Thromboembolic Pulmonary Hypertension
When thromboembolic pulmonary hypertension becomes chronic, it causes severe pulmonary hypertension. Unfortunately, this form of HP goes under diagnosed. The lesions involve clots (thrombi) within the lumen of the blood vessels and fibrous stenosis (blood vessel constriction) or total destruction of the pulmonary arteries. As a result, the pulmonary vascular resistance increases generating pulmonary hypertension and progressive right heart (right ventricle) failure. Current research suggests that this disease is initiated by pulmonary embolism (as a single or recurrent events) and followed by progressive pulmonary vessel remodeling (angiogenesis).
Thromboembolic Pulmonary Hypertension Causes
Although there can many causes of thromboembolic pulmonary hypertension, patients are at high risk if they have experienced recurrent pulmonary thromboendartectomy (PTE), splenectomy (spleen removal) or lupus anticoagulant syndrome (antiphospholipid antibody syndrome). PTE is an operation that removes blood clots from the pulmonary arteries. Lupus anticoagulant syndrome causes blood clot formation in blood vessels and is an autoimmune disease that produces antibodies against a particular phospholipid known as cardiolipin and β2 glycoprotein.
Thromboembolic Pulmonary Hypertension Symptoms
The symptoms of thromboembolic pulmonary hypertension are essentially the same as other forms of pulmonary hypertension which include:
- Progressive breathing difficulty upon exercise
- Hemotysis which means coughing and expulsion of bloody mucus
- Fatigue
- Fainting spells and dizziness
- Syncope (brief loss of consciousness due to lack of oxygen)
- Edema which is fluid retention in the body
- Embolism due to clot formation (causes blood vessel obstruction)
- Systolic murmur of the tricuspid valve (regurgitation)
- Extended neck veins
- Ascites (swollen abdomen from fluid build up)
- Cyanosis such as blue lips and skin due to lack of oxygen
Thromboembolic Pulmonary Hypertension Diagnosis
Treatments for thromboembolic pulmonary hypertension is considerable different from PAH so it is of the essence to determine that the patient has thromboembolic type. One of the difficulties is that many patients have no history of pulmonary embolism which makes it difficult to diagnose properly. Some of these patients will be misdiagnosed.

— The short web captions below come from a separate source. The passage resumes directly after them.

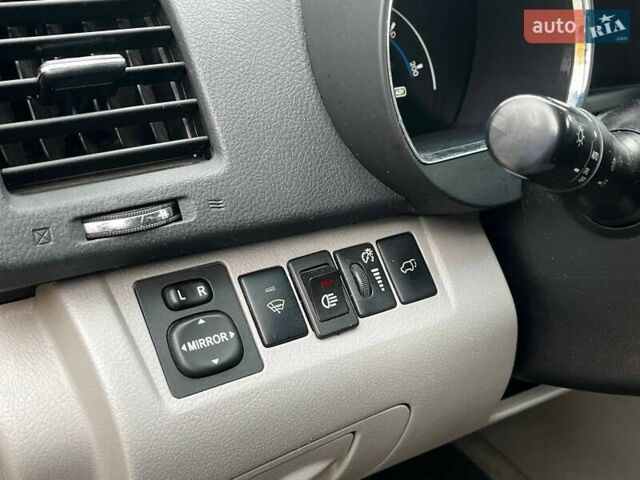 Тойота Хайлендер 2008 в Днепре (Днепропетровске) на Automoto.ua Серый Тойота Хайлендер, объемом двигателя 3.3 л и пробегом 217 тыс. км за 9800 $, фото 12 на Automoto.ua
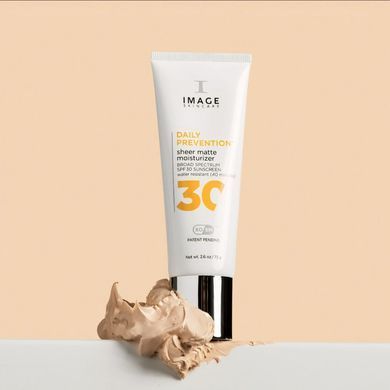 Матирующий солнцезащитный крем SPF 30 Image Skincare Daily Prevention Sheer Matte Moisturizer SPF 30 73 г - основное фото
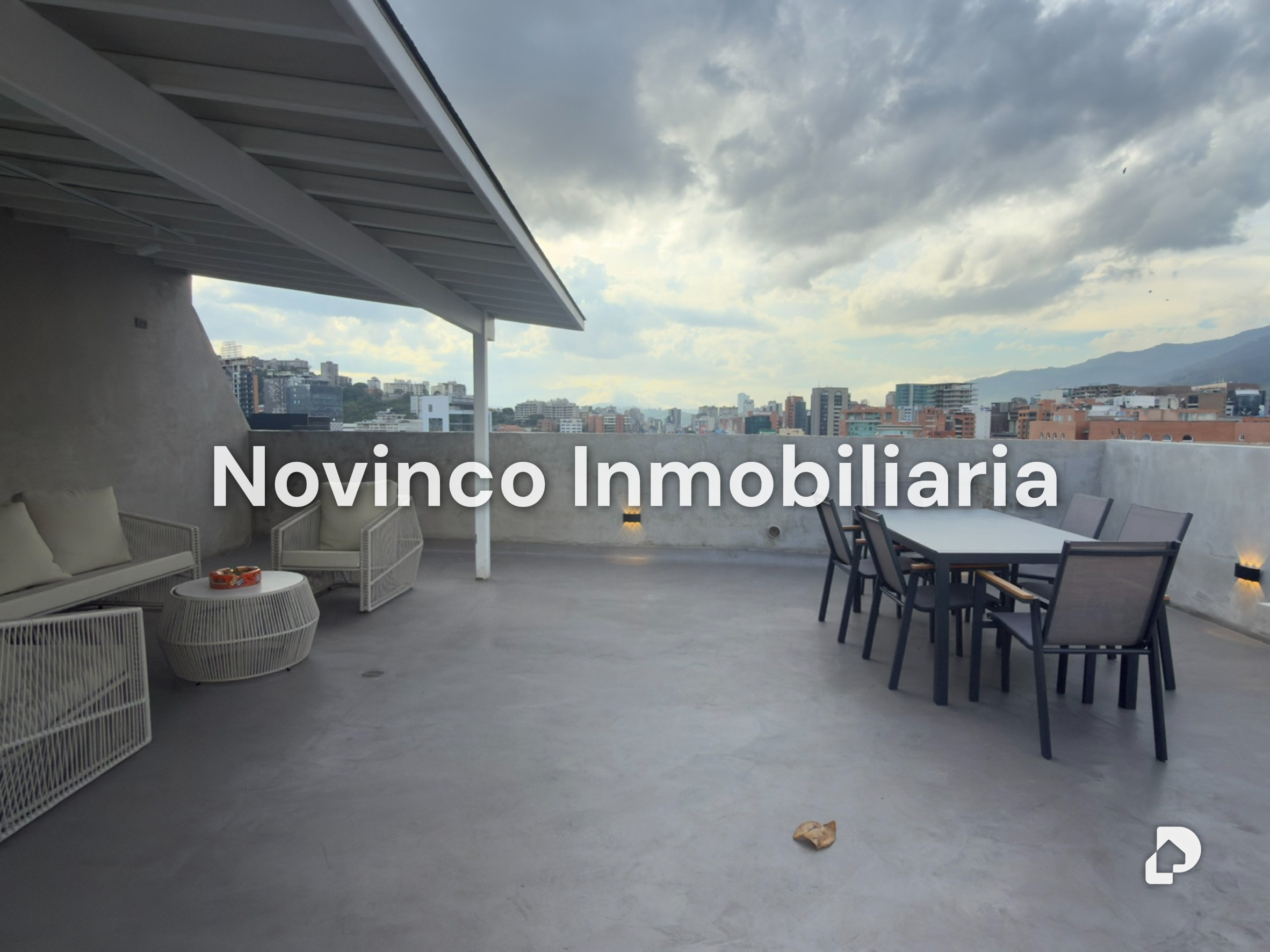 Apartamento en El Rosal, Caracas – 16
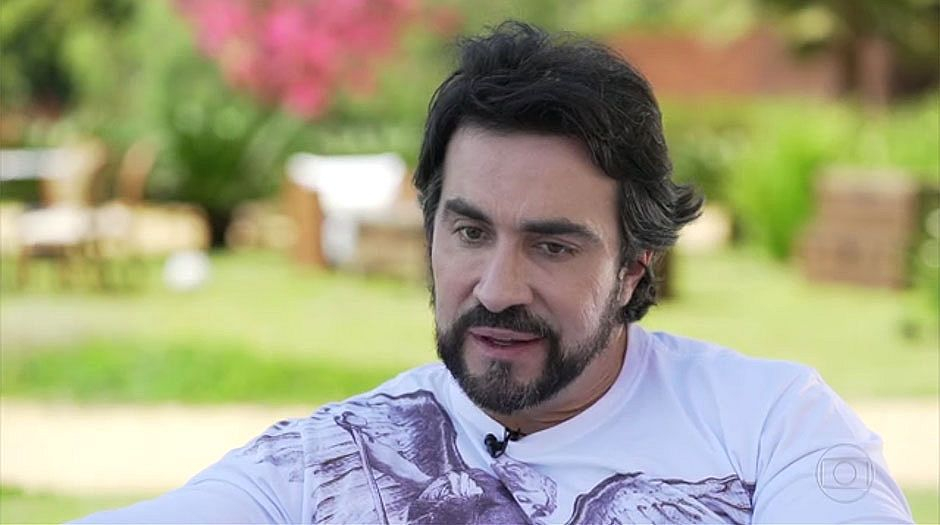 Padre Fábio de Melo fala de síndrome do pânico: ‘me escondia debaixo da cama’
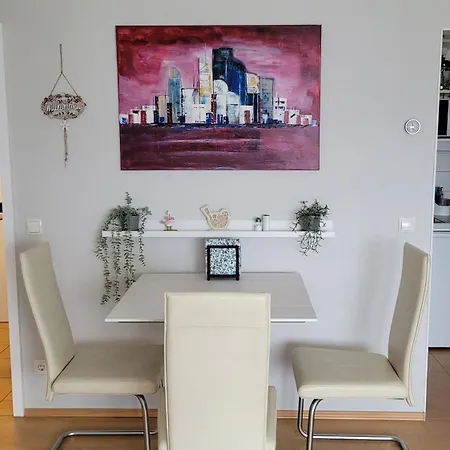 Ihr Bett Mit Blick Auf Weinberge * Bad Dürkheim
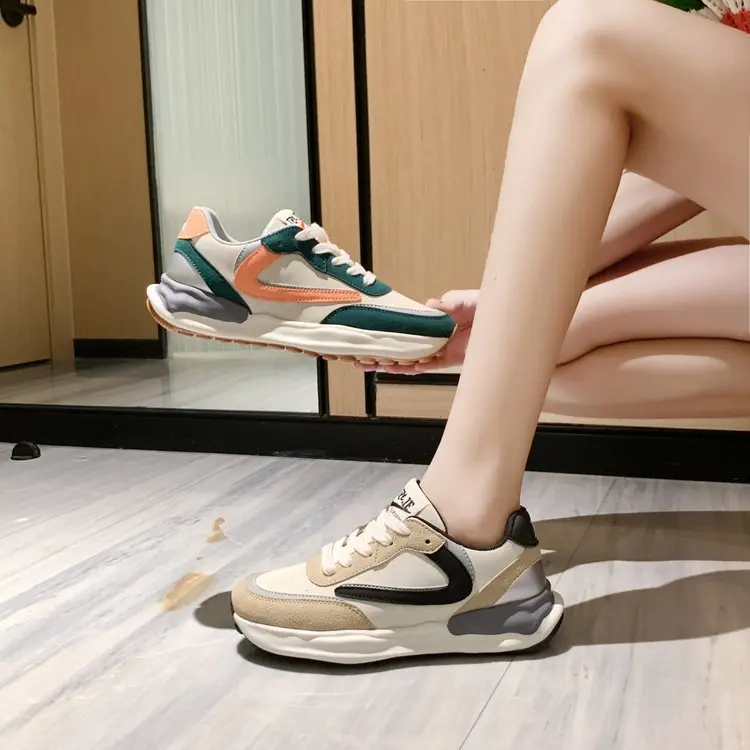 Women's 2021 Spring and Autumn New Casual Flat-bottom Color Matching Light and Trendy Sports Shoes Women Show Small Feet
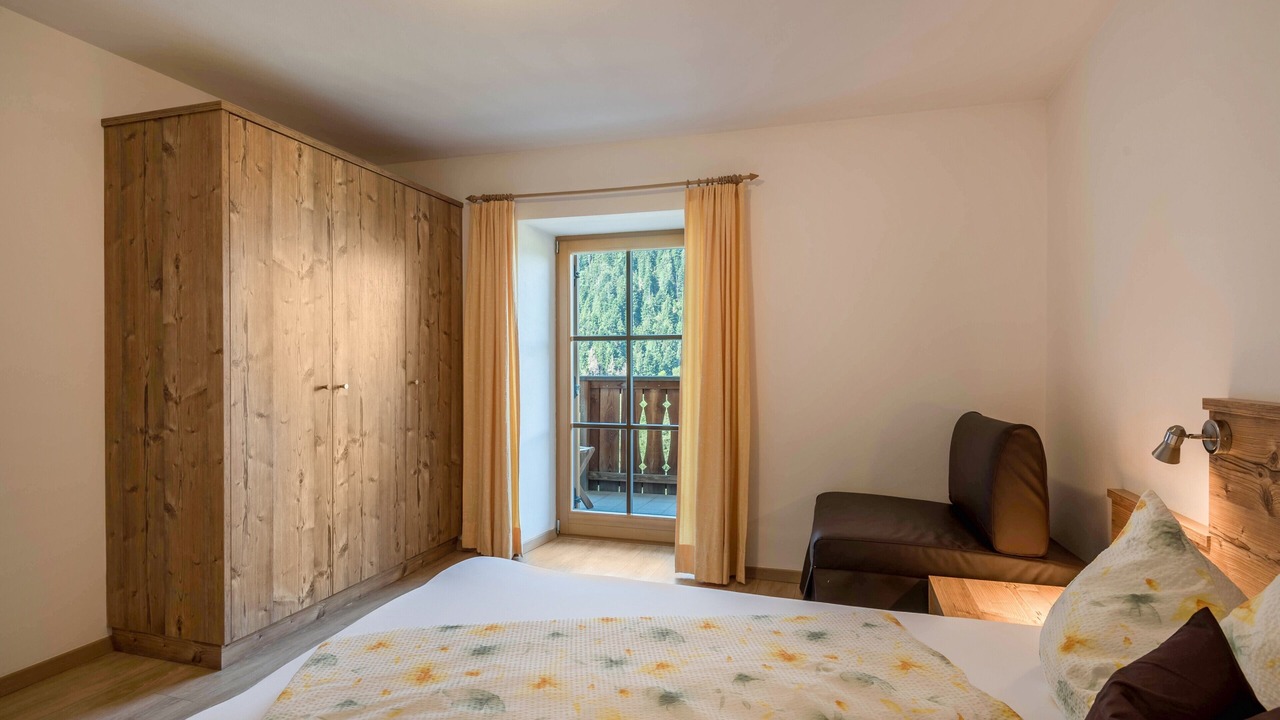 Photo of Bedroom in Laion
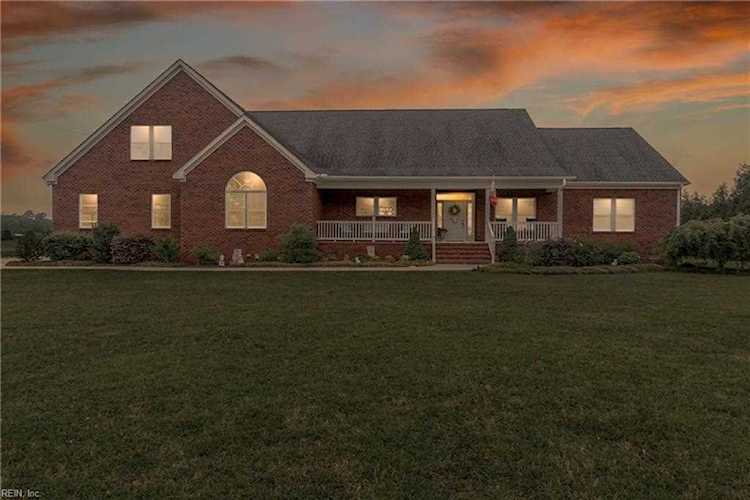 1008 W Saint Brides Rd Chesapeake, VA 23322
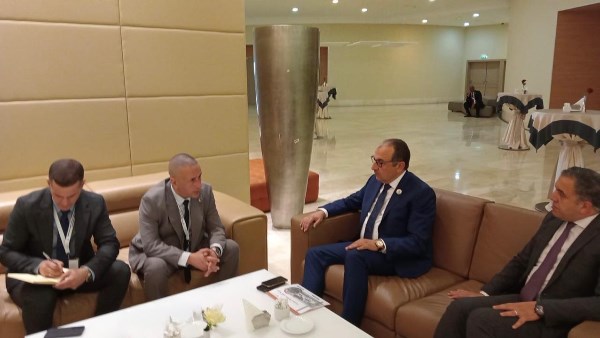 خلال الاجتماع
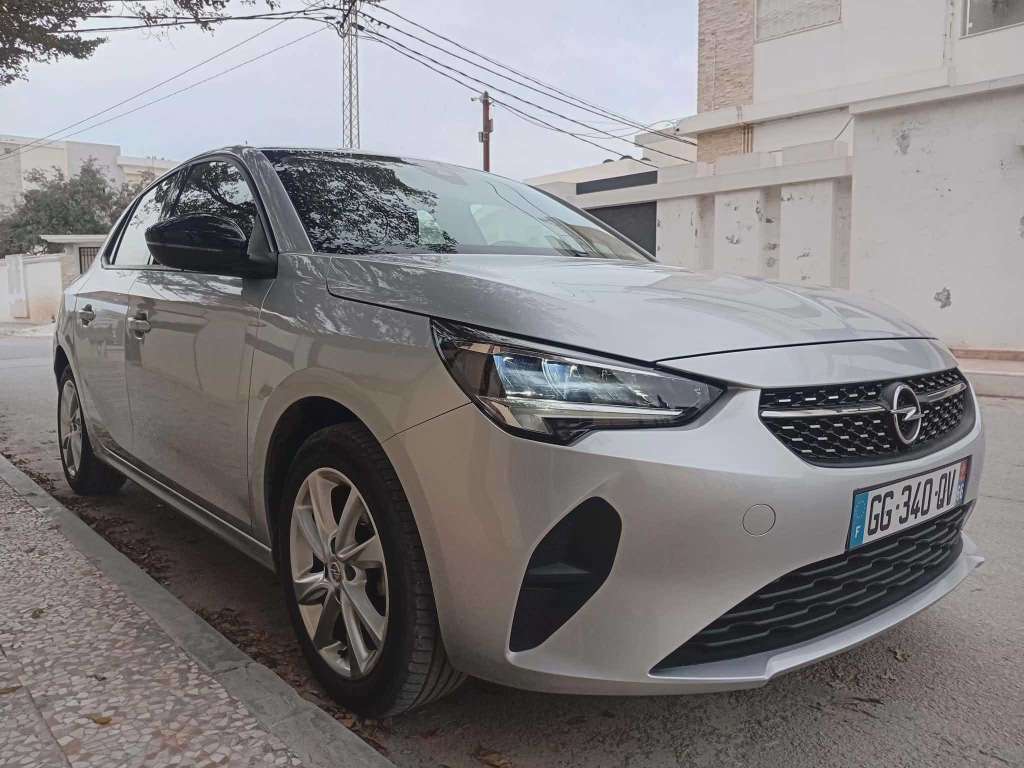 A vendre ou échange nouvelle Opel Corsa essance importe tte option 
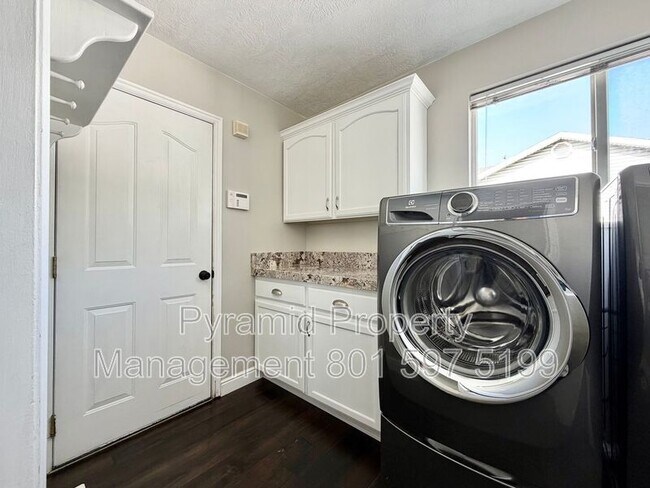 Building Photo - 4772 W 9070 S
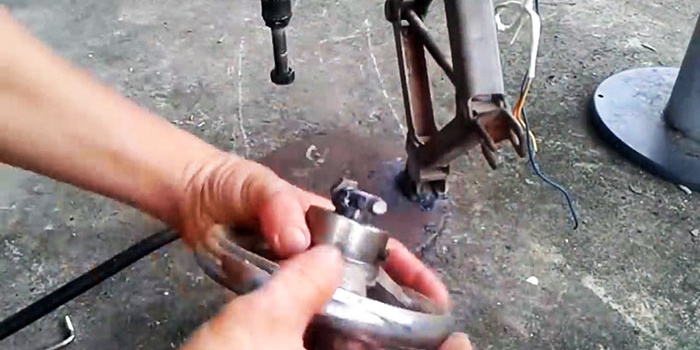 How to make a drilling machine from a jack and a washing machine motor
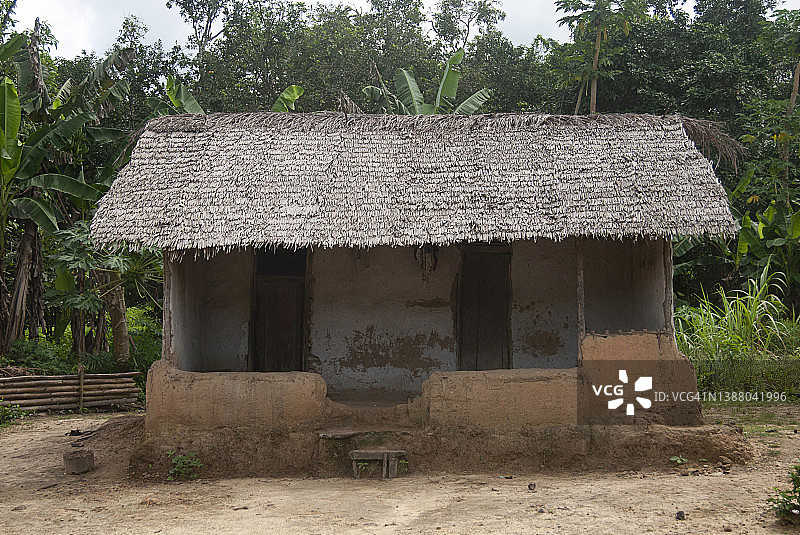 西非利比里亚偏远村庄的传统泥屋图片素材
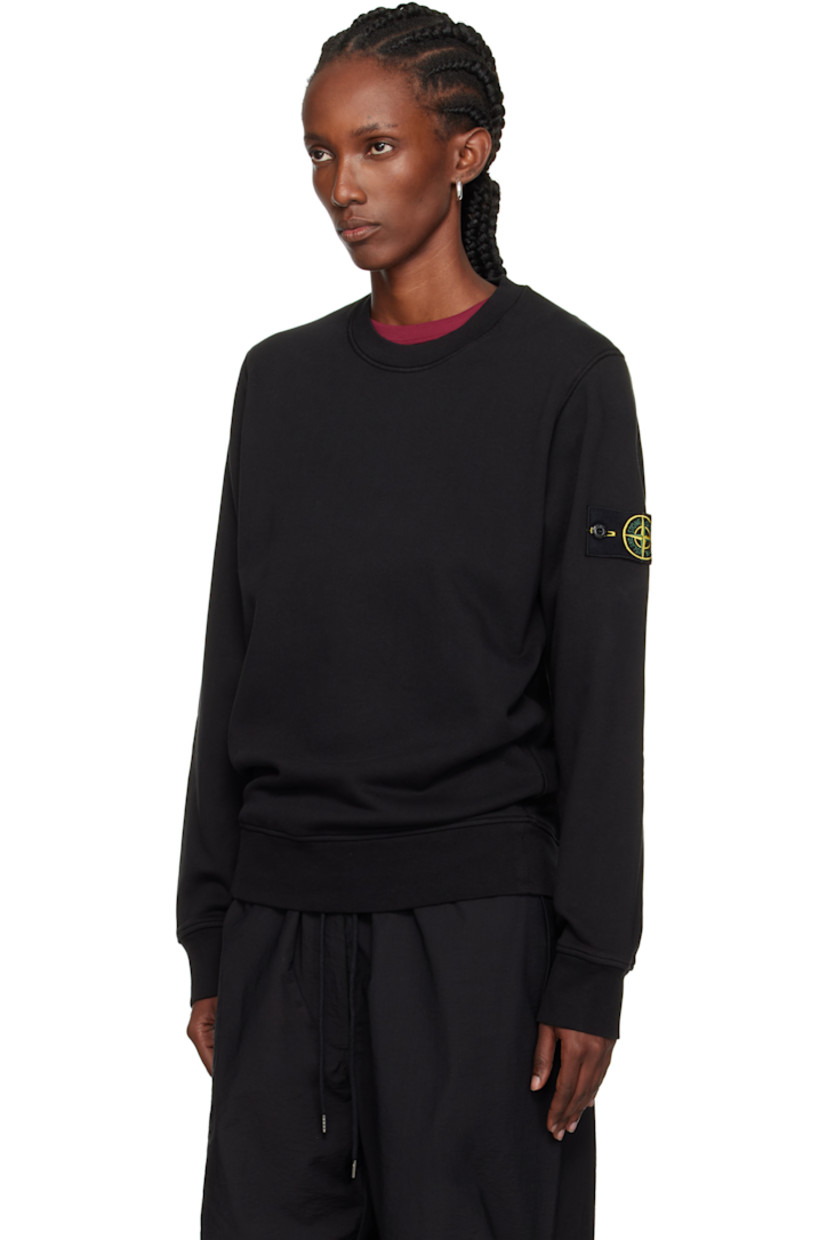Garment-dyed organic cotton fleece sweatshirt. 

· Overlock stitching throughout
· Rib-knit crewneck, hem, and cuffs
· Detachable felted logo patch at sleeve

Supplier color: Black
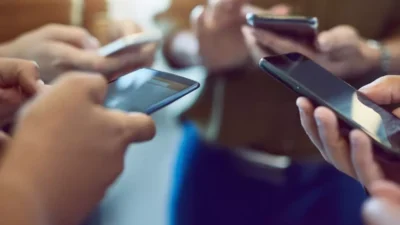 Prof. Dr. Özel, İstanbul’a yaklaşık 210 kilometre uzaklıkta gerçekleşen sarsıntının,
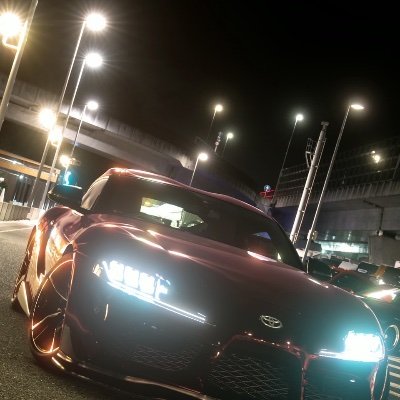 PYqlGrrKM074054's profile picture. 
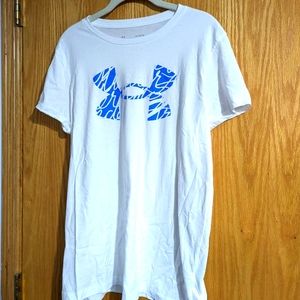 Women's Under Armour XL Tshirt like new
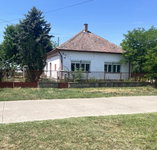Eladó családi ház, Nagybánhegyesen 12.5 M Ft, 2 szobás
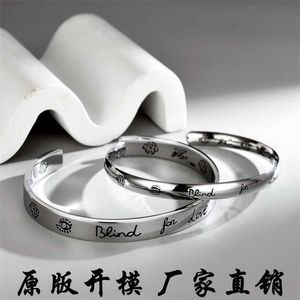 2023 Nouveau designer bijoux bracelet collier bague Jiaai intrépide fleur oiseau BLING amour personnalité ins simple pour hommes femmes
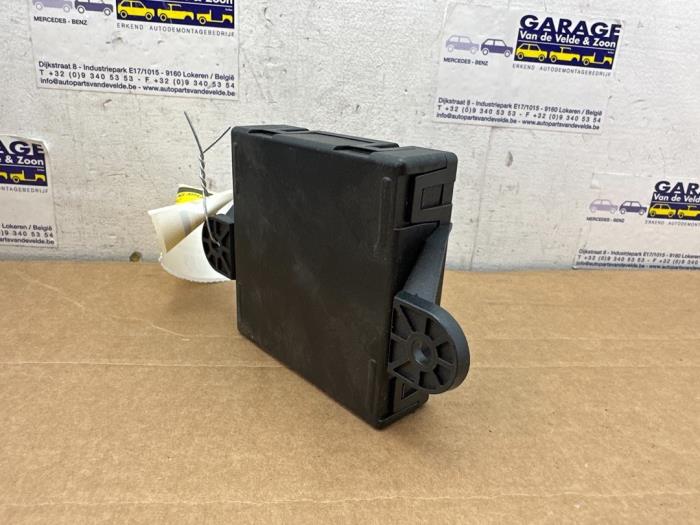 Módulo de cierre centralizado Mercedes E-Klasse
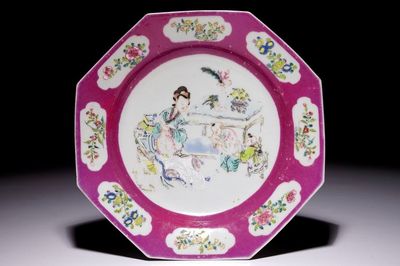 A Chinese famille rose octagonal ruby border plate with figures, Yongzheng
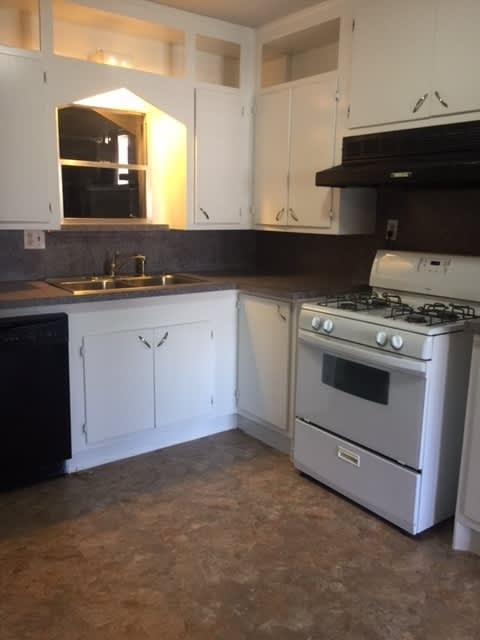 Minutes from OCU, Downtown, Chesapeake and more! – photo 5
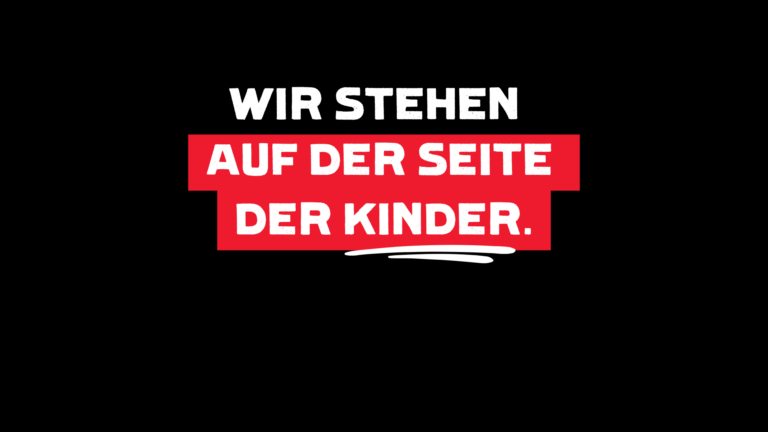 Ein weißer Schriftzug auf schwarzem Hintergrund sagt "Wir stehen auf der Seite der Kinder". "Auf der Seite der Kinder" ist rot markiert und Kinder ist unterstrichen.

Tests to Confirm Thromboembolic Pulmonary Hypertension
- Echocardiography – This is the first diagnostic tool used in any form of PH and there should be long-term follow-ups for the thromboembolic type of hypertension.
- Ventilation-perfusion scanning uses medical isotopes to observe air and blood circulation in a patients lungs. It can also observe blood clots if they are present.
- Computed tomography (CT) scans.
- Magnetic Resonance Imaging (MRI).
- Pulmonary angiography uses a dye and X-rays to observe how blood flows through the lungs. This is the standard tool for diagnosis of thromboembolic hypertension. This is often performed in conjunction with right heart catheterization.
Thromboembolic Pulmonary Hypertension Treatment
- Some forms of thromboembolic pulmonary hypertension require surgery, medical treatment or both.
- Endothelin receptor antagonists may be prescribed as they prevent blood vessel constriction. Endothelin is a powerful blood vessel constrictor.
- Endarterectomy is a surgical procedure that unblocks blood vessels. This procedure is done with complete circulatory arrest while the patient is in deep hypothermia between 18°C and 20°C. This procedure is reported to have great success.
- Phosphodiesterase inhibitors are used to allow blood vessels to relax.
- Prostacyclins work well as they relax blood vessels and prevent clot formation.
Thromboembolic Pulmonary Hypertension Prognosis
The mortality rate with individuals diagnosed with thromboembolic pulmonary hypertension is reported to be 90 percent within 3 years after diagnosis.